Pleating: Fold a scrap back and forth in an accordion pleat till you come to the end of the paper. Make a fan shape by gluing one end. Use this for decorative trim or earrings.
Jacob's Ladder or Spring: Starting with two strips of paper that are one-half inch wide and at least nine inches long, glue the ends together to look like a capital letter L. Lay the shape in front of you, and fold back and forth, with the vertical strip always going up and down and the horizontal one folding to the left and right. When you come to the ends, glue them together and cut off the extra paper. If you wish, fasten one end to the other with glue to make a circular shape.
Scoring: Open your scissors wide and use one blade like a knife by drawing or pulling it across the paper in a straight line or an arc. Since paper has a grain, scoring helps to make the paper bend easier.
Spiral: Starting on the outside edge of a circle, make a small cut into the shape. Then cut around and around slowly moving into the center. When you're done, extend the shape by pulling out on the center. Glue eyeballs on these or use lots of smaller ones for curly hair.
Chains: Glue a short strip of paper into a circle or loop. Put another strip through the circle and glue it to itself. Continue adding strips and gluing till you make the chain as long as needed. Small chains may be used for necklaces or parts of earrings.
Cylinder: Start with a square or rectangular scrap of paper. Roll it into a cylinder and glue it shut. Use for decorative trim, hair rollers, or a nose.

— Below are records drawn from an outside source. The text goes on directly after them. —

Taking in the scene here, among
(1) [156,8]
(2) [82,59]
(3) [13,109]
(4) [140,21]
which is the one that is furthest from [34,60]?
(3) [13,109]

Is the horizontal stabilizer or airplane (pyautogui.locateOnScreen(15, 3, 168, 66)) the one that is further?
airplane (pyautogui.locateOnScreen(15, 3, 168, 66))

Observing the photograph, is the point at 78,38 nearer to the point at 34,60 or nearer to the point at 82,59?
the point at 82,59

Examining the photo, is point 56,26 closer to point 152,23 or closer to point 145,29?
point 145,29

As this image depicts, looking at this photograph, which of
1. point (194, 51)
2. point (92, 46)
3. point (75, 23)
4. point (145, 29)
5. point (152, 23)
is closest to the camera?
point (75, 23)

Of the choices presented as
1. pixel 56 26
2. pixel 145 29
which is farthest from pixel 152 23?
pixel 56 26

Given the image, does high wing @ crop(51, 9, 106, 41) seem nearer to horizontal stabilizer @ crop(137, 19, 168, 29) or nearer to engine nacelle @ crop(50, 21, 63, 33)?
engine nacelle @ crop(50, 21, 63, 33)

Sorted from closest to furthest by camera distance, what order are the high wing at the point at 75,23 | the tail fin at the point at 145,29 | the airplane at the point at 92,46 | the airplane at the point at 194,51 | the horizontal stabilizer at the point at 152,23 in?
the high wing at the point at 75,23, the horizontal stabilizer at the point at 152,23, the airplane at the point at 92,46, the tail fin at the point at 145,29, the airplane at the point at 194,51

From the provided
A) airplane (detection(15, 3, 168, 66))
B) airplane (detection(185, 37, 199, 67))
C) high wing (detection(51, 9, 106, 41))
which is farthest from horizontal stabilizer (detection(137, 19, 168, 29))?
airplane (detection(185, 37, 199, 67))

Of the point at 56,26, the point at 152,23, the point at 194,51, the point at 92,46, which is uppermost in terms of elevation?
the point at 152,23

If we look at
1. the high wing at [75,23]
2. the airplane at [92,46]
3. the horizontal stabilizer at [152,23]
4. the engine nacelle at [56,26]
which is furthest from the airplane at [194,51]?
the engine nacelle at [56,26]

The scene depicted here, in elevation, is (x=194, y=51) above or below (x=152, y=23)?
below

In addition to paper sculpture techniques, you may wish to use crayons or markers to decorate your valentine container. When you're finished, there's just one more thing to do, and that's have a Happy Valentine's Day!

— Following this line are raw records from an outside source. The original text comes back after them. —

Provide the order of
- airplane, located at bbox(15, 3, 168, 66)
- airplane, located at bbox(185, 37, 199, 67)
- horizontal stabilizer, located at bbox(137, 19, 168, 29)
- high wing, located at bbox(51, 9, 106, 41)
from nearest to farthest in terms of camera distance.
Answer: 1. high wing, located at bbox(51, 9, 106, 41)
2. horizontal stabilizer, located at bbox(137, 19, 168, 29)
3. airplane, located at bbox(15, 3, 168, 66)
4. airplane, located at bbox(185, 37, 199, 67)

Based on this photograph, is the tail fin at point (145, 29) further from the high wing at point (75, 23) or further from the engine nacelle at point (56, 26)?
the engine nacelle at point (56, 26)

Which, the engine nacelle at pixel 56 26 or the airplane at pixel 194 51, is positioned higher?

Remember that it's possible to glue shapes on edge. Just be patient and hold the shape till it stays in place.
Look around your house to see what other materials you can use to decorate your container and help save landfill space. Have an adult help you look through drawers, closets, sewing baskets, or a jewelry box to find items to recycle.
After Valentine's Day, display your container in your room, and use it to hold special treasures or a small collection of items.